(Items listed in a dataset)
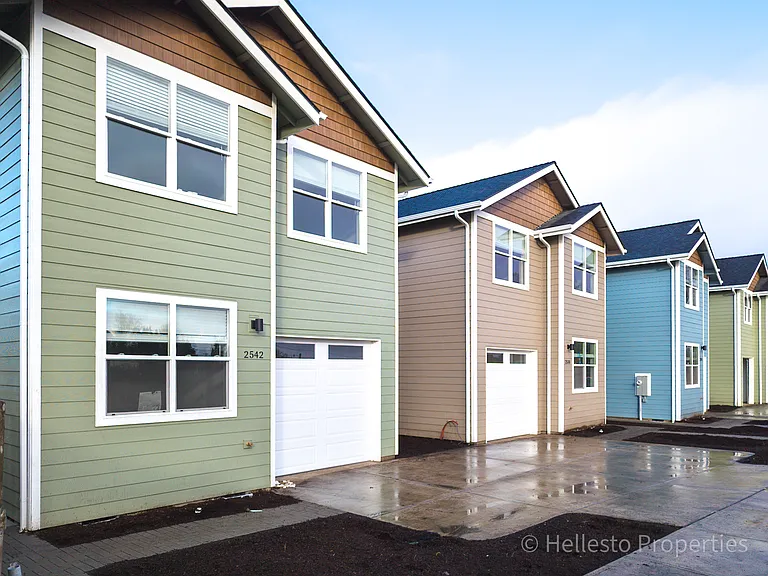 2530 SW Coho St — Photo 2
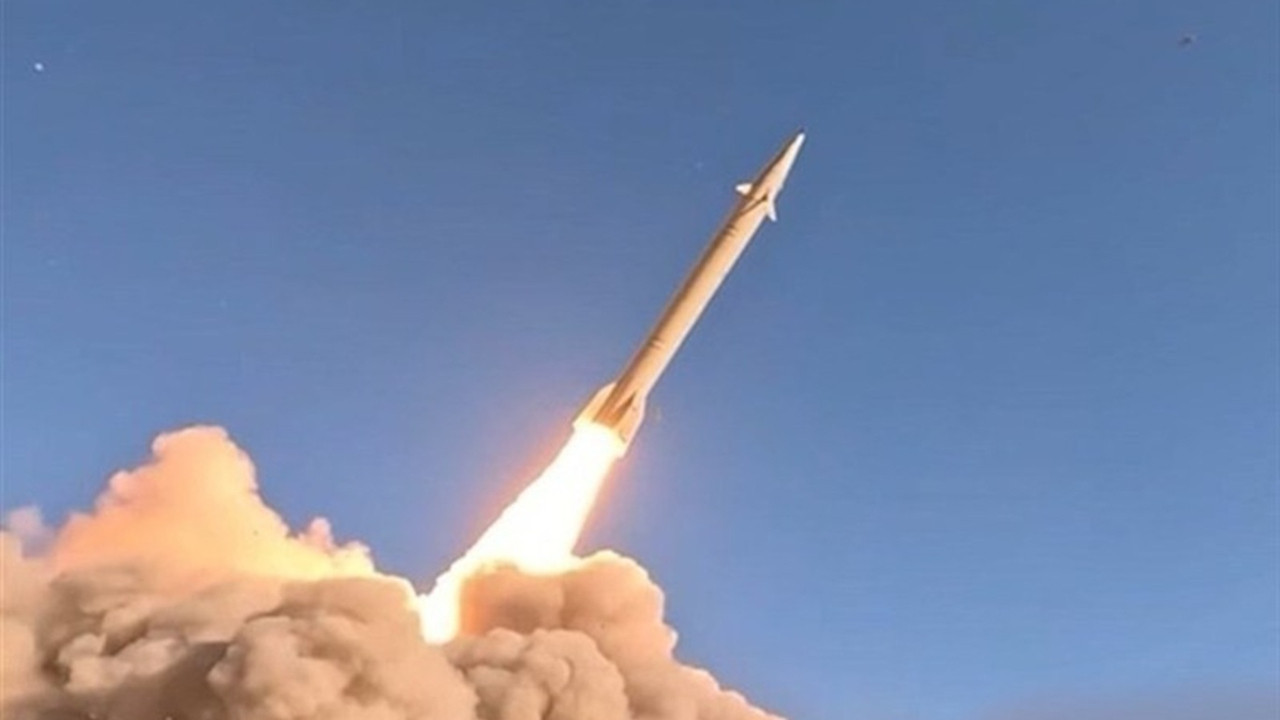 Deniz Kuvvetleri şehitleri için 'Gerçek Vaat 4' operasyonu: İran füzeleri Tel Aviv ve ABD üslerini vurdu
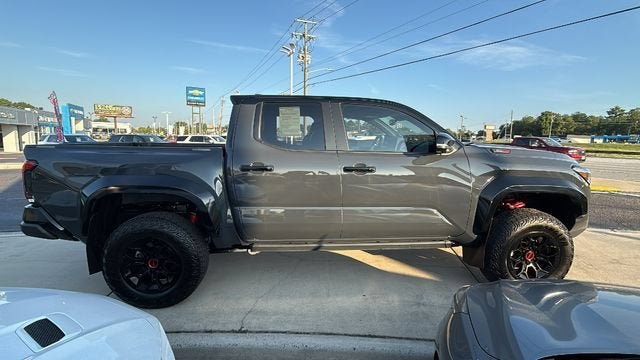 2025 Toyota Tacoma 4WD TRD Sport Hybrid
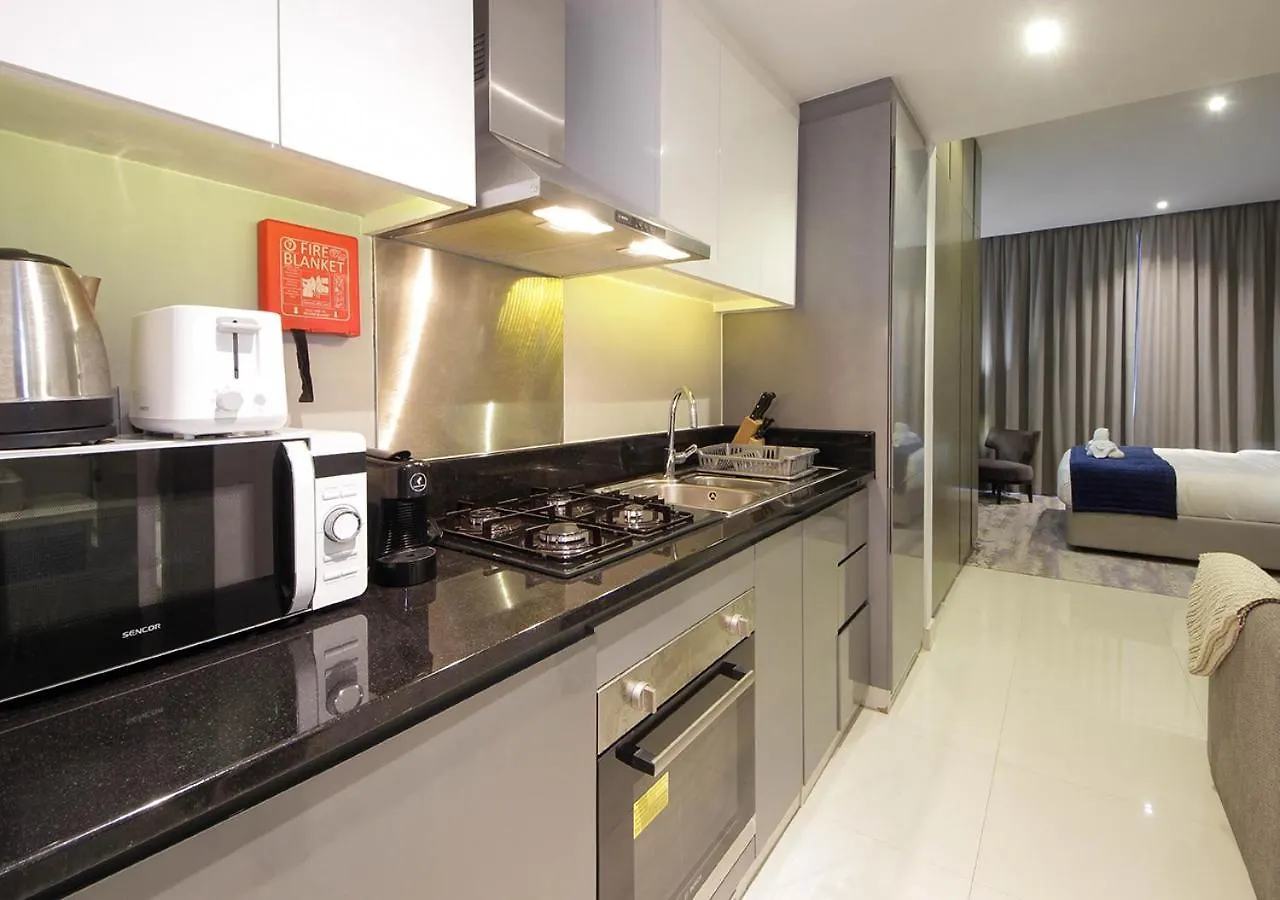 Luxury Studio Apartment Canal View Near Dubai Mall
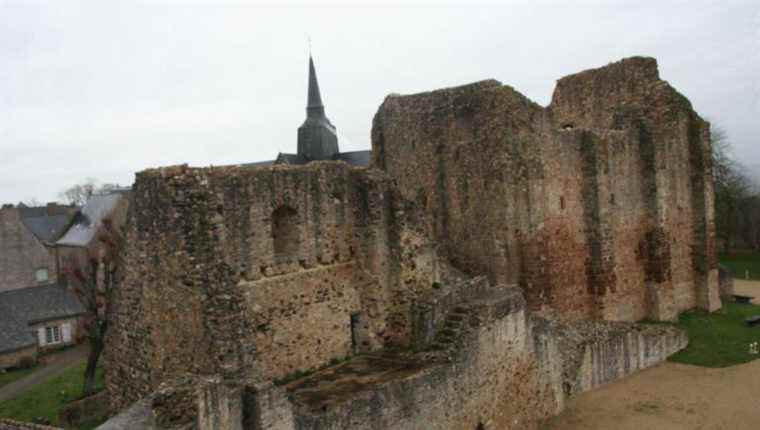 Sainte-Suzanne.  For a visit to museums and an urban stroll.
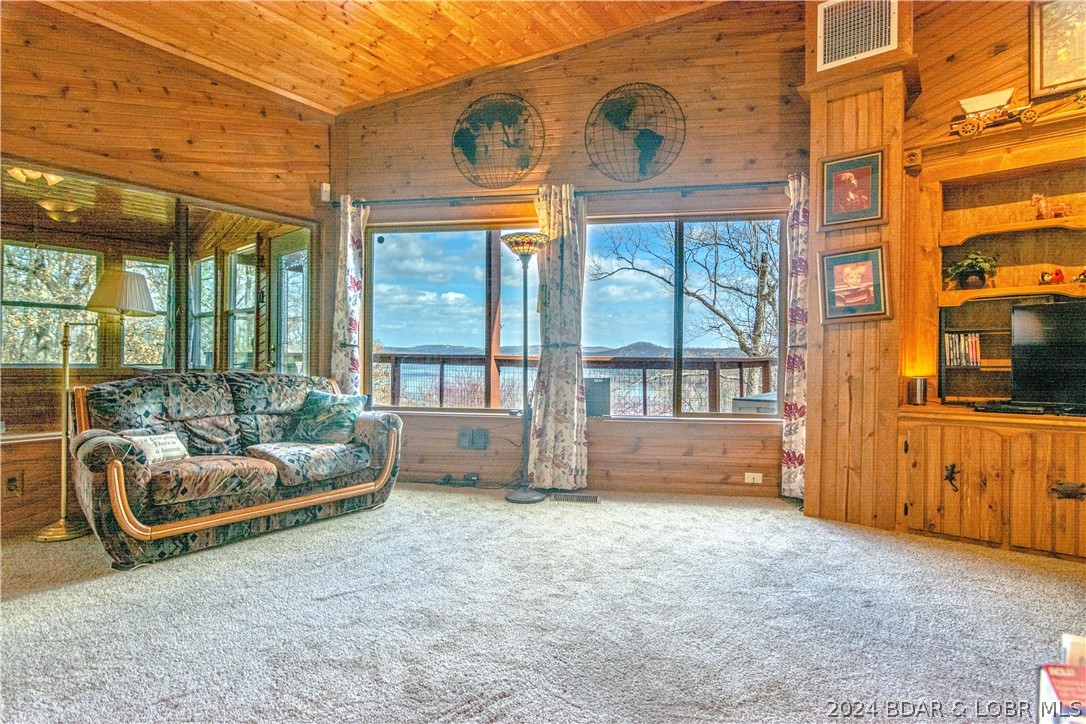 Camdenton, Missouri 65020, United States, 3 Bedrooms Bedrooms, ,3 BathroomsBathrooms,Residential,Contingent,62552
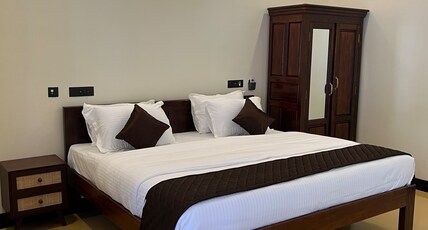 Hotel Grand Palais Room Type - Deluxe King room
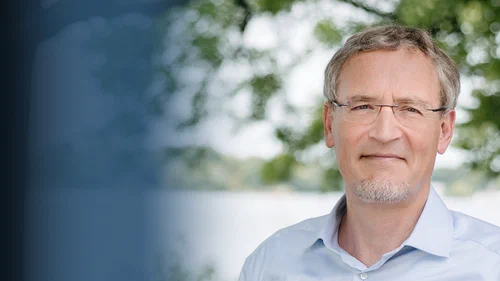 The "Real" Tragedy of the Commons: Can a Dual Currency System Achieve a Pareto-superior …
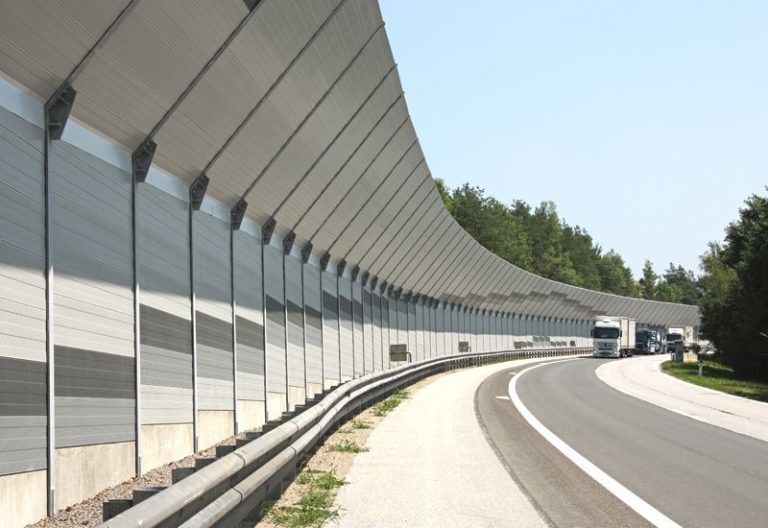 Noise Barriers in Construction Areas – Benefits to Pedestrians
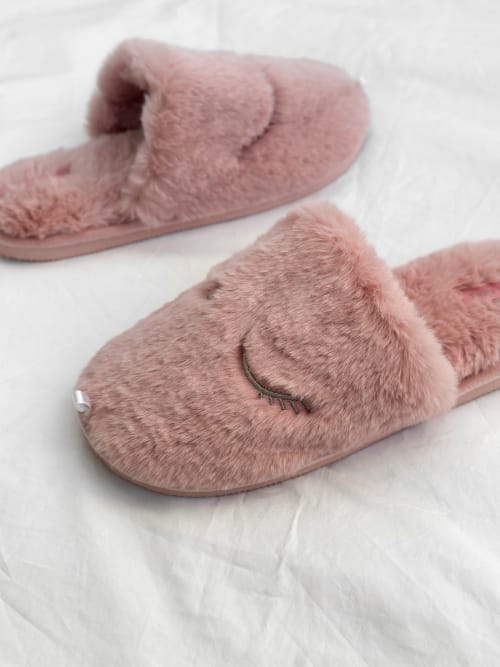 Тапки домашние Twins HS-LUX EYES меховые закрытые 11049 р.36/37 светло-розовый
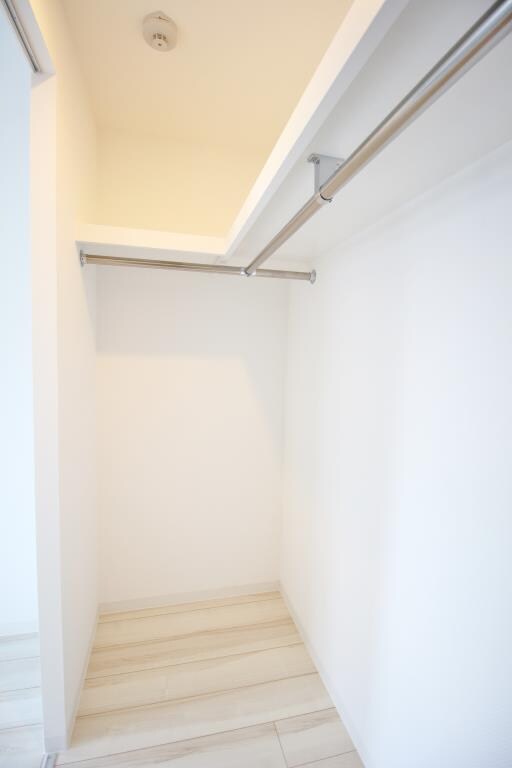 イート アパートメント ヴェリタスの物件内観写真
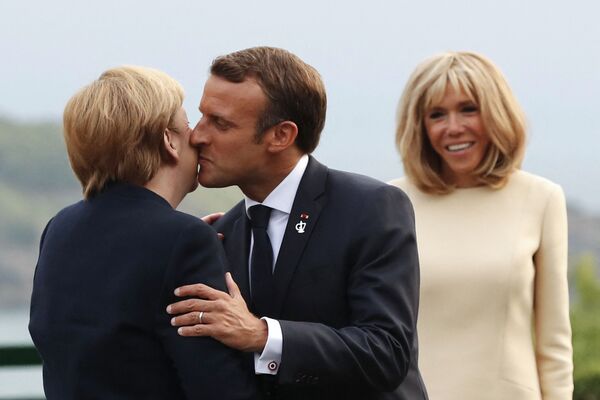 En France le bisou est, plus qu’une tradition, une habitude voire un réflexe.Sur la photo: Emmanuel Macron et Angela Merkel lors d’une rencontre en marge du G7 à Biarritz, en 2019. - Sputnik Afrique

_Task instructions_. Take the entries above and copy exactly the lines starting at the one with "Hotel Grand Palais" and ending at the one with "Тапки домашние Twins"; nothing outside that span, and no pictures.

_Solution for this exercise_.
 Hotel Grand Palais Room Type - Deluxe King room
 The "Real" Tragedy of the Commons: Can a Dual Currency System Achieve a Pareto-superior …
 Noise Barriers in Construction Areas – Benefits to Pedestrians
 Тапки домашние Twins HS-LUX EYES меховые закрытые 11049 р.36/37 светло-розовый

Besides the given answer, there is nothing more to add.